Le premier taux arrive, il n'est pas très haut, mais il ne veut sans doute pas dire grand chose. Elle devrait se réjouir, elle devrait, elle n'y parvient pas, elle voudrait tant se protéger. Et puis ce sont des considérations de riches, mais il n'y a sans doute qu'un seul embryon et quelque part, c'est une chance de moins. Elle culpabilise, parce qu'elle pense à Boupe, et à celles qui pleurent l'absence de +, ne serait ce que ce +.
Le deuxième taux n'a pas doublé. Elle pleure toute la journée, comme une malheureuse au milieu de l'hopital dans lequel elle travaille. Elle envoie bouler gentiment les passants qui s'arrêtent, elle veut juste pleurer, vider son désespoir, elle ne veut pas croire en cette petite vie qui va bientot la quitter, ça fait trop mal, trop mal. Elle essaie d'arrêter de pleurer parce qu'il faut travailler. Elle a un examen à la fin de la semaine, elle va le planter mais elle s'en fiche.

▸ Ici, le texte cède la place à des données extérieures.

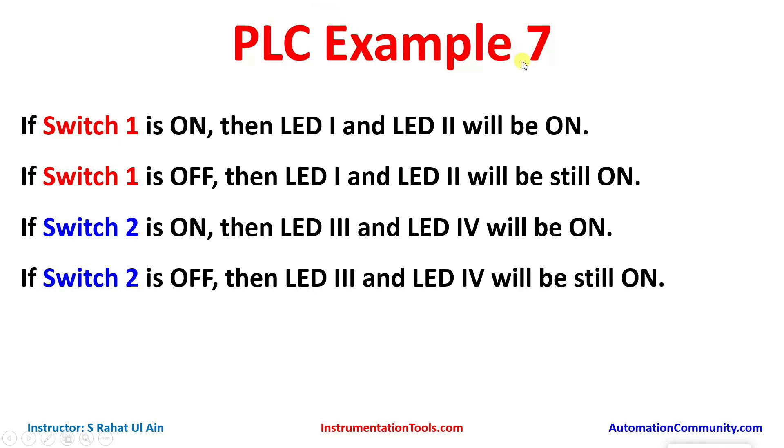Example 7: If switch 1 is on, then LED 1 and LED 2 will be on. If switch 1 is off, then LED 1 and LED 2 will still be on.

Le troisième taux, quand elle le reçoit, elle est entre deux patients. Elle ne le lit même pas, elle veut avoir la tête à ses petits patients, pas à cet enfant dans son ventre, et elle a trop peur de craquer. Elle donne toute cette énergie maternelle si vide de sens actuellement pour ces enfants qui vont mal, pour ces parents désarmés ou épuisés. A la fin des consultations, elle lit enfin ce taux que son médecin lui a envoyé par texto. Ca a doublé, elle ne veut pas en savoir plus, l'espoir renait un peu, suffisamment pour passer un bon we? Elle voudrait tant avoir confiance... Elle choisit d'avoir confiance, au moins deux jours, ça a doublé.
Mais très vite, la confiance s'effrite, se dissloque, laisse place à cette satanée angoisse, omniprésente. Parce qu'il a beau doubler ce taux, il est trop bas. Il devrait quasi être le double, pourquoi ce petit ne grandit pas, pourquoi on ne peut pas juste avoir des signaux rassurants? La naïveté de son mari qui y croit si fort l'agace parfois, force son admiration le plus souvent. Elle croit qu'en prévoyant le pire, elle souffrira moins. Stupide croyance.
Elle consulte compulsivement les forums, en français, en anglais, les articles médicaux, ceux qui lui disent qu'un taux à moins de 400 à 17dpo, ça pue, ou moins de 223 à 16 dpo, selon les articles. Oh, super, je suis en dessous. Mais elle devrait être heureuse, les FIV, ça marche !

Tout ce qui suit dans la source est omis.